I am not sure about synonyms across vocabularies. It's not well supported (in fact synonyms are totally useless) in Drupal core. You'll need some other module to support taxonomy_relations.
I can see why you'd want to put cities in a different vocab from regions ... but it may be simpler to just put them as child terms - that's what most folk end up doing. It's not semantically perfect, but ends up intuative for everyone.
#6
> Going from ODS though XSL sounds like fun!
It was not as bad as expected. In fact, most stuff can be simply ignored, and the XSL stylesheet is very simple. I will definitely use this method again, in future similar situations.
> Was the information/docs/samples helpful enough to get you started with that? What was missing?
I really think, that the documentation of this module is excellent. There si still some information that could be improved:
In the Information on the formats readable by taxonomy_xml document, the XML sample code doesn't show all element types. Something more complete would be:
(REMARK: You can see here, that when I export as XML, I get no element for the 'Related terms' value. A bug?)
<vocabulary>
<vid>5</vid>
<name>Editorial sections</name>
<description>A hierarchical vocabulary.</description>
<help>Help text here.</help>
<relations>1</relations>
<hierarchy>0</hierarchy>
<multiple>1</multiple>
<required>0</required>
<tags>0</tags>
<module>taxonomy</module>
<weight>0</weight>
<nodes>blog,page,story</nodes>
<term>
<tid>83</tid>
<vid>5</vid>
<name>Analysis</name>
<description>Examines the connections between known facts.</description>
<weight>0</weight>
<depth>0</depth>
<parent>0</parent>
<synonyms>Study</synonyms>
</term>
<term>
...
</term>
For someone who is creating an XML vocabulary from scratch, it would be interesting to have a description of (only) the terms that are interpreted when 'Create new' target vocabulary is choosen instead of 'Determined by source file'. Ie., probably the following, without the IGNORED ones:
> RDF can indeed support comments - as a rdfs:comment (if that wasn't working, let me know)
In the examples I've been working with, the comments work perfect.
> Do you know of any useful standards based namespace:attribute that could meaningfully match the Drupal-only 'weight' property?

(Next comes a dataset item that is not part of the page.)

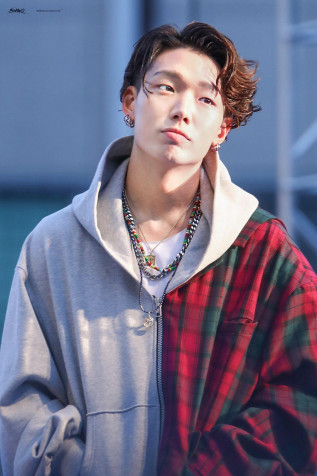 Ikon Bobby Wallpaper for iPhone 1333x2000px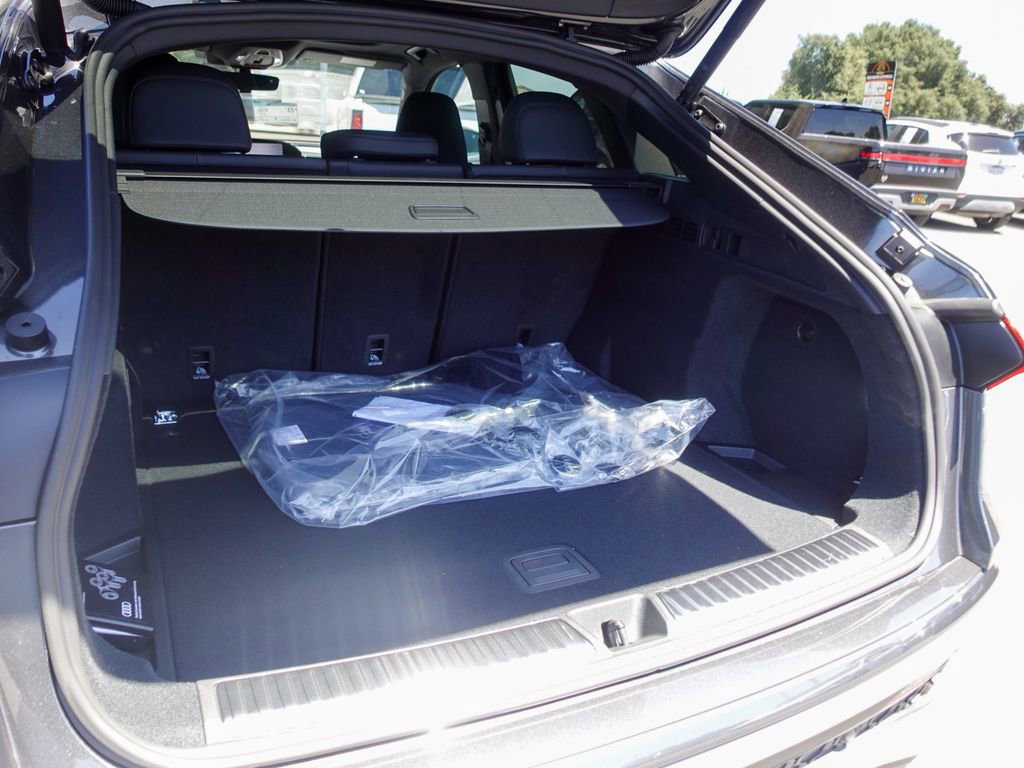 New 2026 Audi SQ5 Premium Plus AWD/4WD image 24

You probably will have to look at the RDF containers:
Sadly, I have been unable to find an example use-case of RDF containers together with rdfs:Class. Instead, all examples make use of rdf:li, and look like http://www.w3.org/TR/2004/REC-rdf-primer-20040210/#rss:
<items><rdf:Seq>
<rdf:li rdf:resource="http://www.w3.org/News/2002#item164"/>
<rdf:li rdf:resource="http://www.w3.org/News/2002#item168"/>
<rdf:li rdf:resource="http://www.w3.org/News/2002#item167"/>
</rdf:Seq>
</items>
Note, that the use of an element like <items> here seems to be crucial:
I think, we need the help of an RDF guru, here!
#7
Automatically closed -- issue fixed for 2 weeks with no activity.